La prassi liturgica, un capitolo della teologia morale?

La prassi liturgica, un capitolo della teologia morale?

Martedì 3 novembre, presso i locali dell’Istituto di Liturgia Pastorale in Padova, si è svolta una lectio magistralis tenuta dal Prof. Giannino Piana dal titolo: “La prassi liturgica, un capitolo della teologia morale?”

Già docente di etica cristiana presso la Libera Università di Urbino e etica ed economia presso l’Università di Torino, il relatore ha affrontato il difficile e poco frequentato tema del rapporto tra etica e ritualità. Oggi è in atto una crisi della scienza morale che si scopre incapace di ritrovare i suoi fondamenti. Il riscatto deve necessariamente passare attraverso il recupero del legame prassi liturgica – prassi morale. Tra le principali cause che hanno portato all’odierna separazione tra prassi liturgica e prassi morale troviamo l’affermarsi della devotio moderna, cioè la diffusione di una religiosità in cui la salvezza è individuale. La liturgia e i sacramenti sono una sorta di conquista operata dal soggetto e ricevuti quindi per merito. È sparito il livello comunitario. Si aggiunga un moderno rifiuto della categoria simbolica in favore di un “realismo cosificato” dell’azione liturgica. Il distacco tra le due prassi ha prodotto pure un allontanamento tra vita vissuta e liturgia; quest’ultima non rinvia più al quotidiano. La chiamata alla perfezione è costitutiva dell’etica evangelica e della morale cristiana.
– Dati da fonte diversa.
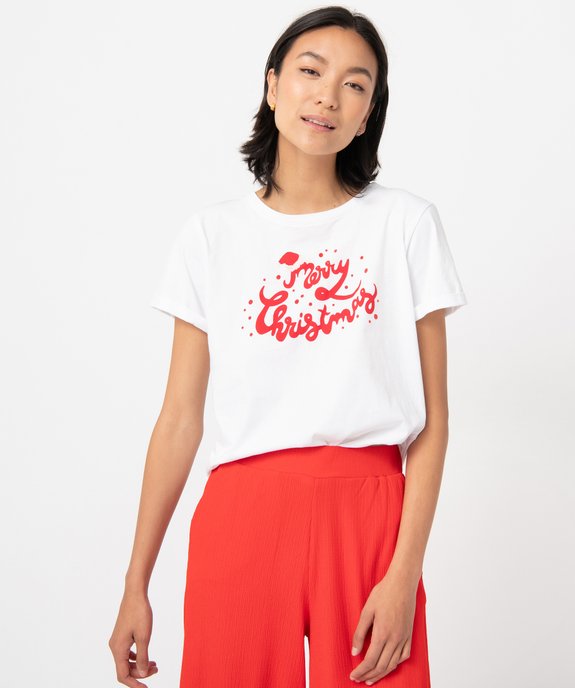 Tee-shirt femme à manches courtes spécial Noël vue1 - GEMO(FEMME PAP) - GEMO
Questa diventa allora solo mera distinzione tra lecito ed illecito più che accompagnare alla scelta della perfezione cristiana.
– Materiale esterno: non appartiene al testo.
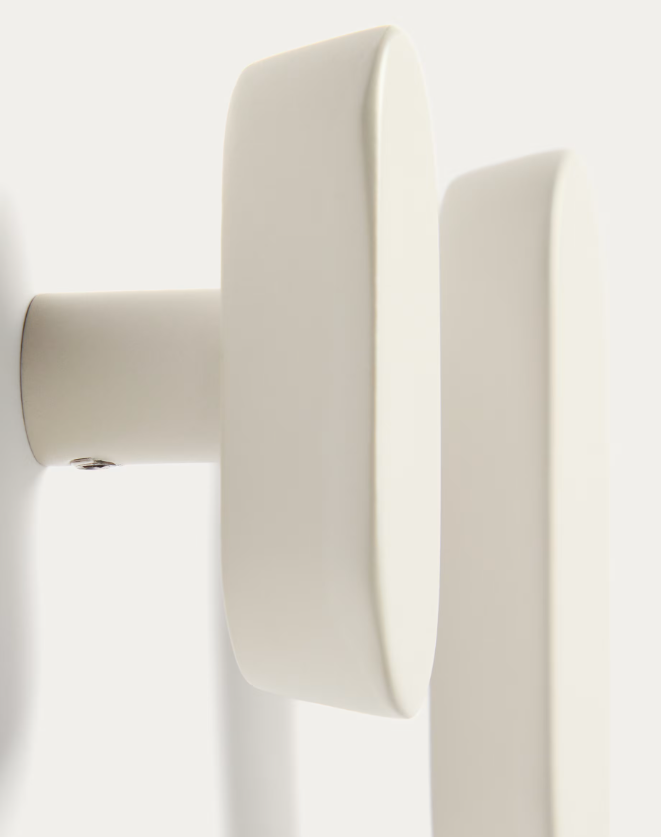 ARELY Set of 2 solid beech wood hangers with beige lacquer finish 6.5 cm/10 cm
I presupposti grazie ai quali è possibile pensare ad un recupero del rapporto morale-liturgia rimandano al passato. Nel periodo patristico la morale trovava il suo naturale collocamento all’interno della liturgia; le omelie erano importanti momenti etici. Non aveva quindi grande sistematicità ma costituiva un’efficace chiamata alla perfezione cristiana. La riflessione morale oggi si ancora troppo alla filosofia positiva e al diritto, dimenticando il suo primario compito di condurre alla perfezione evangelica; compito delegato in gran parte alla spiritualità. È necessario il recupero della dimensione storico-evolutiva della prassi liturgica. Bisogna reintrodurre nel rito la vita vissuta e tutto il bagaglio di significati simbolici che questa possiede all’interno della liturgia; è necessario capire che l’atto liturgico non è possibile senza il coinvolgimento della dimensione della quotidianità delle persone. I sacramenti sono l’assunzione delle cose e delle esperienze importanti nella vita dell’uomo nel divino. Recuperare il rapporto tra prassi liturgica e dimensione teologale della prassi liturgica è importante anche per la pratica della carità. Oggi assistiamo ad un “secondo illuminismo” in cui le cose devono servire a qualcosa e non possedere un senso. È necessario il recupero dell’atteggiamento di rispetto nei confronti del livello misterico che presuppone un atteggiamento di accoglienza. Tutto questo è necessario per ristabilire il rapporto con l’evento cristologico fondante che permette poi l’imitazione di Cristo da un punto di vista etico.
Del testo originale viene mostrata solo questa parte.